_Entries supplied_
____
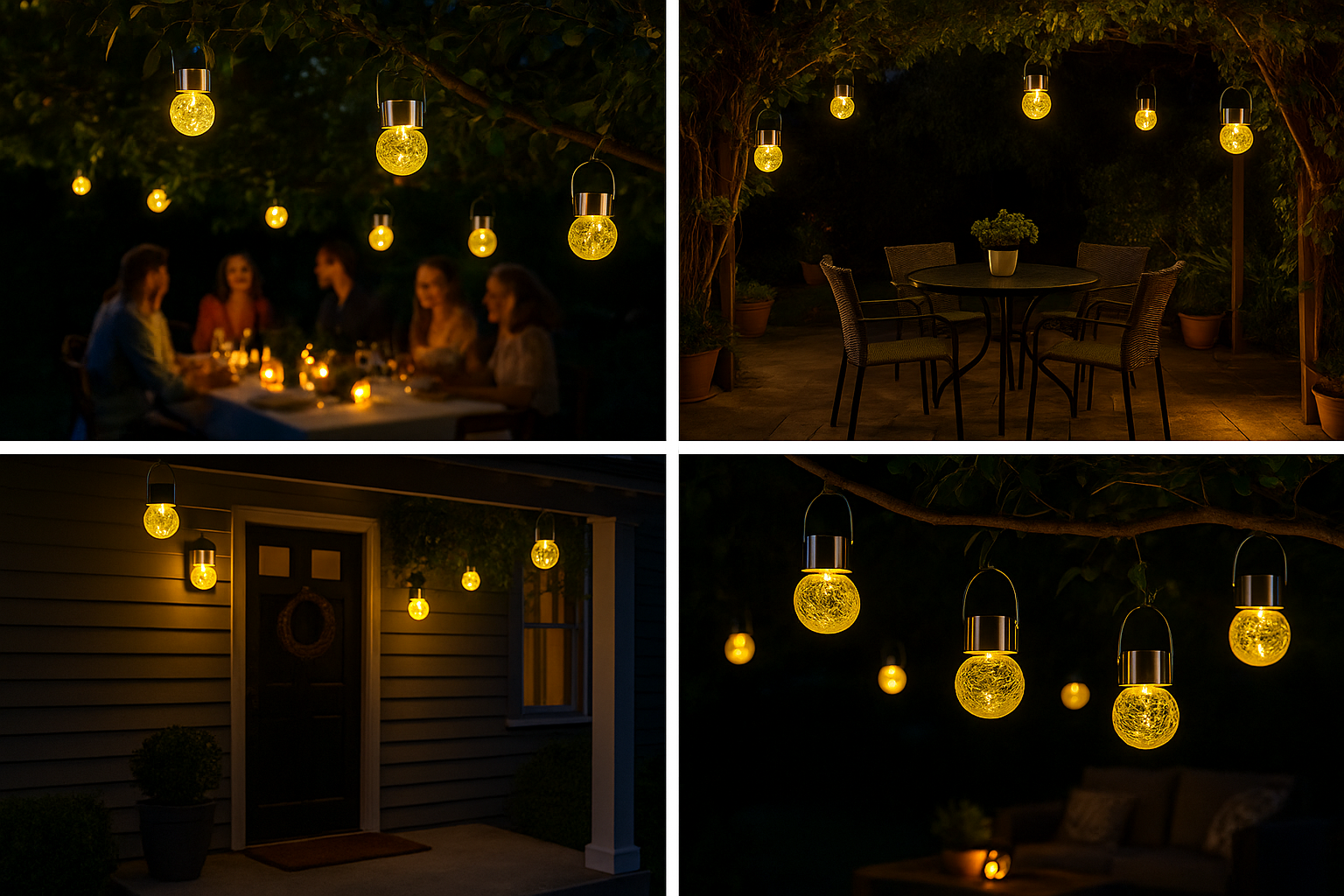String lights illuminating outdoor settings including a family dinner, patio, and entrance.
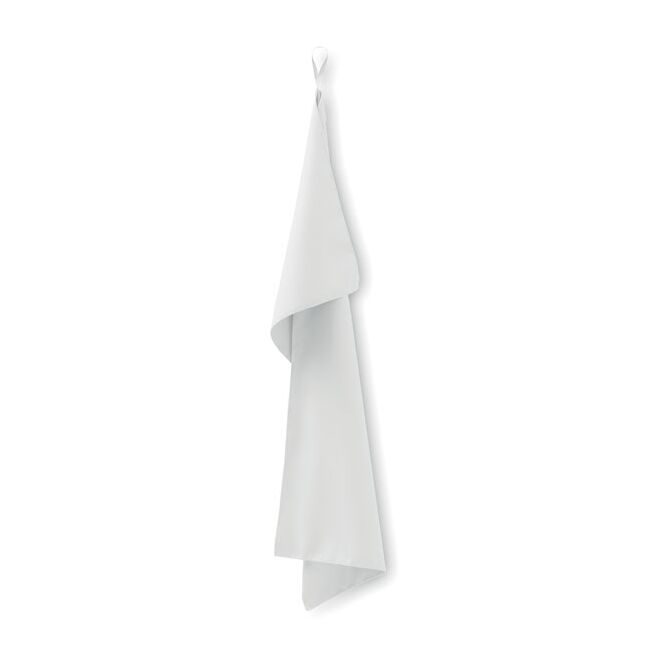 Kundengeschenk Mikrofaser-Handtuch 50 x 100 cm – weiss – mit Logo bedruckt für das Sommerfest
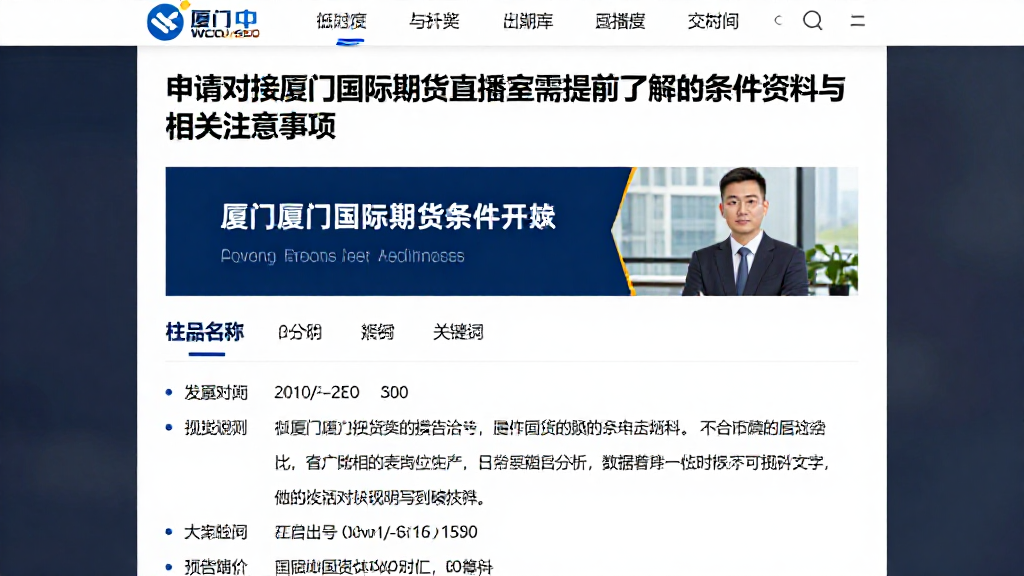申请对接厦门国际期货直播室需提前了解的条件资料与相关注意事项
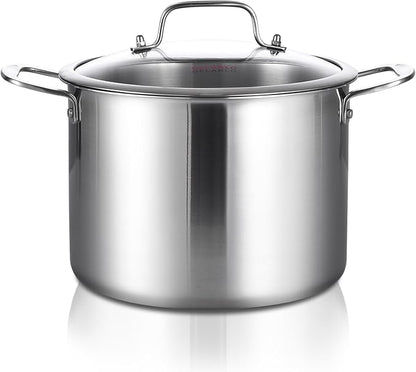 DELARLO Tri-Ply Stainless Steel Soup Pot 12QT, Tri-ply Big Pots for Cooking, 18/10 whole clad Stainless Steel Pot, Fast Even Heat, 12 QT Stock cookware with Lid, Pasta Pot, Induction Ready Up to 600℉ by DELARLOCOOKWARE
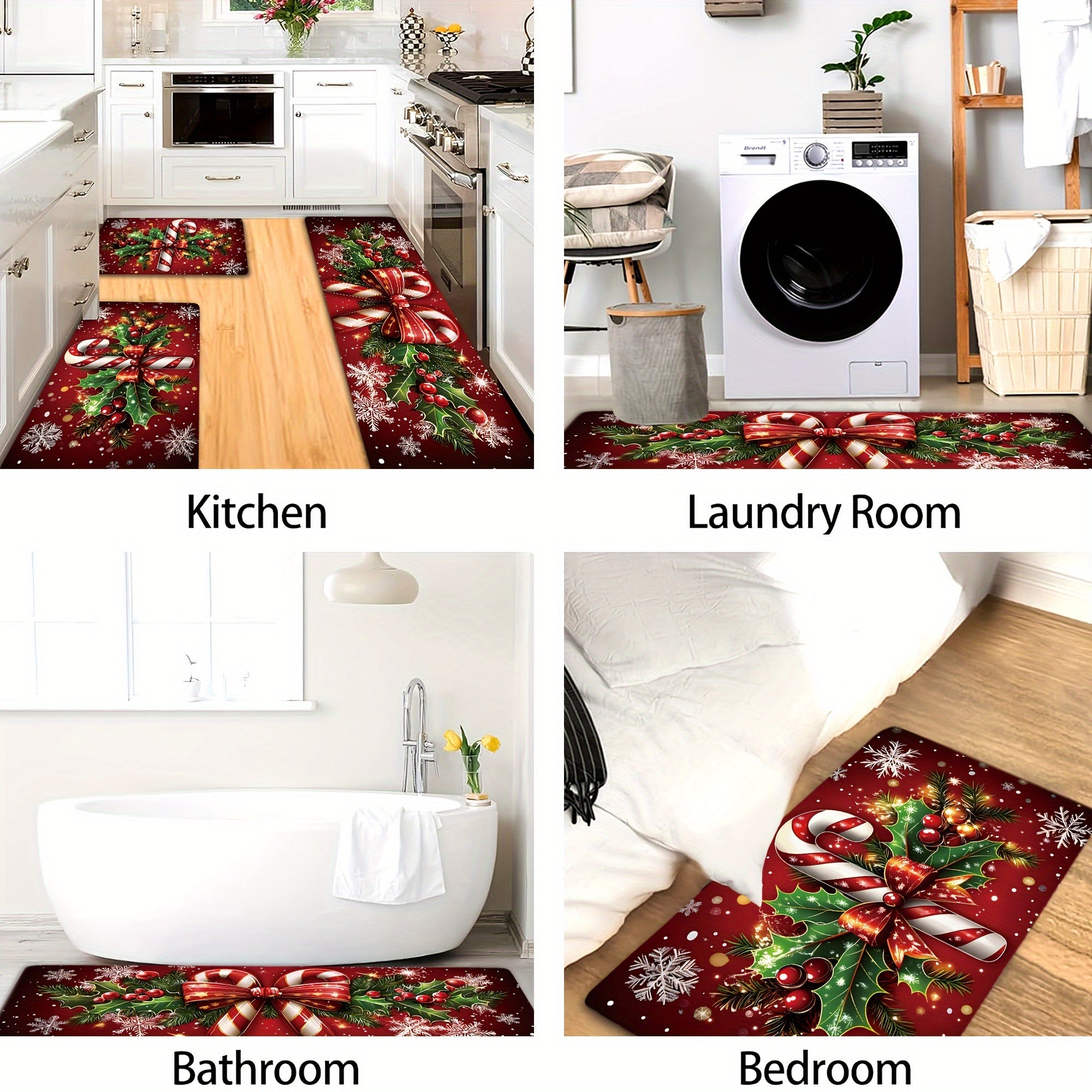 2/3pcs Merry Christmas Winter Decor Candy Canes Holly Snowflake Kitchen Mat Set, Luxury Holiday Red Green Memory Foam Mat for Easy Cleaning - Festive Home Gift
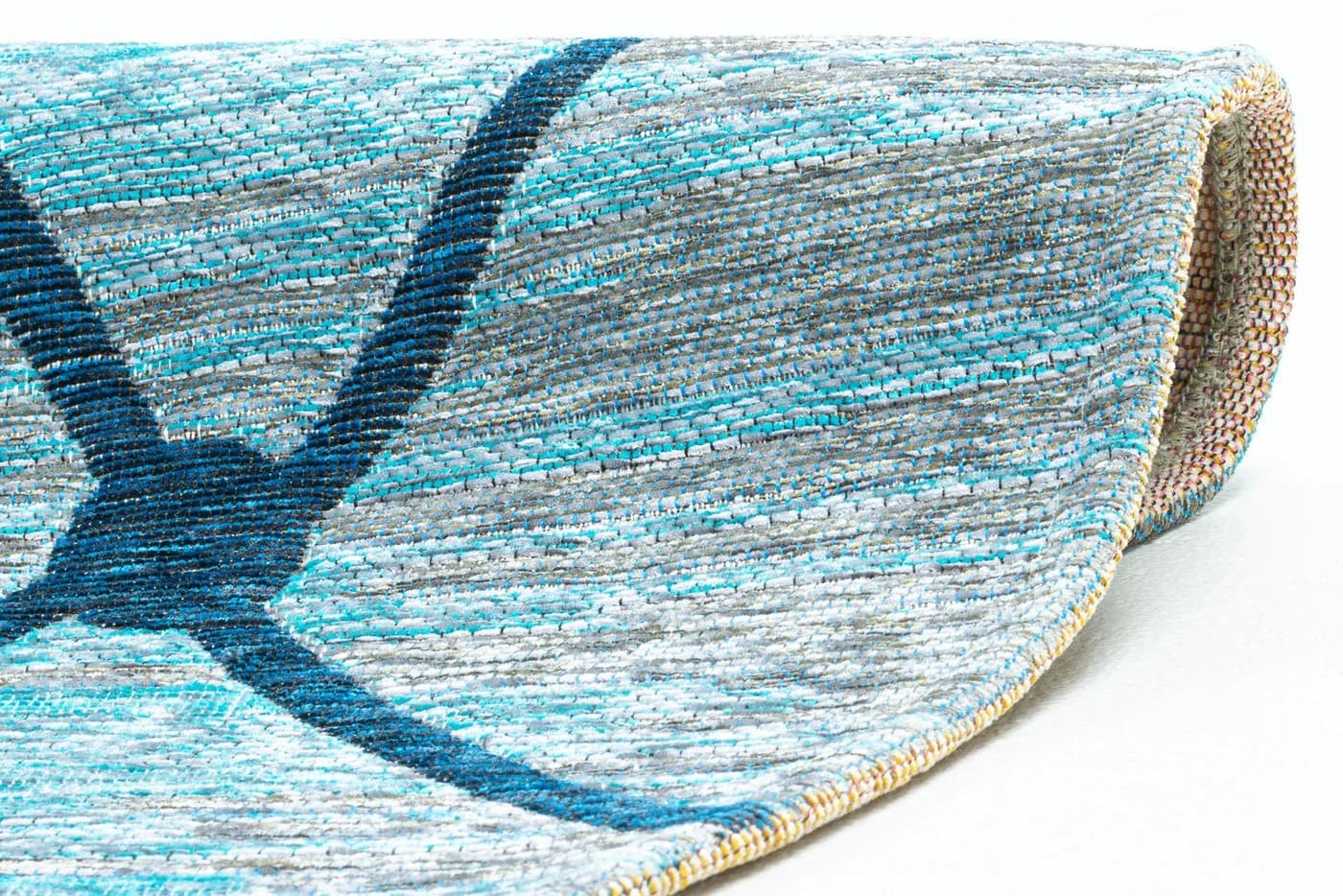 SANSIBAR Teppich Keitum 005 rund Turquoise Polyester Flachgewebe - Bild 5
____
_Problem details_
Everything between and including the line above containing "申请对接厦门国际期货直播室需提前了解的条件资料与相关注意事项" and the line containing "DELARLO Tri-Ply Stainless" should be reproduced exactly, with pictures excluded.

_Task output_
申请对接厦门国际期货直播室需提前了解的条件资料与相关注意事项
 DELARLO Tri-Ply Stainless Steel Soup Pot 12QT, Tri-ply Big Pots for Cooking, 18/10 whole clad Stainless Steel Pot, Fast Even Heat, 12 QT Stock cookware with Lid, Pasta Pot, Induction Ready Up to 600℉ by DELARLOCOOKWARE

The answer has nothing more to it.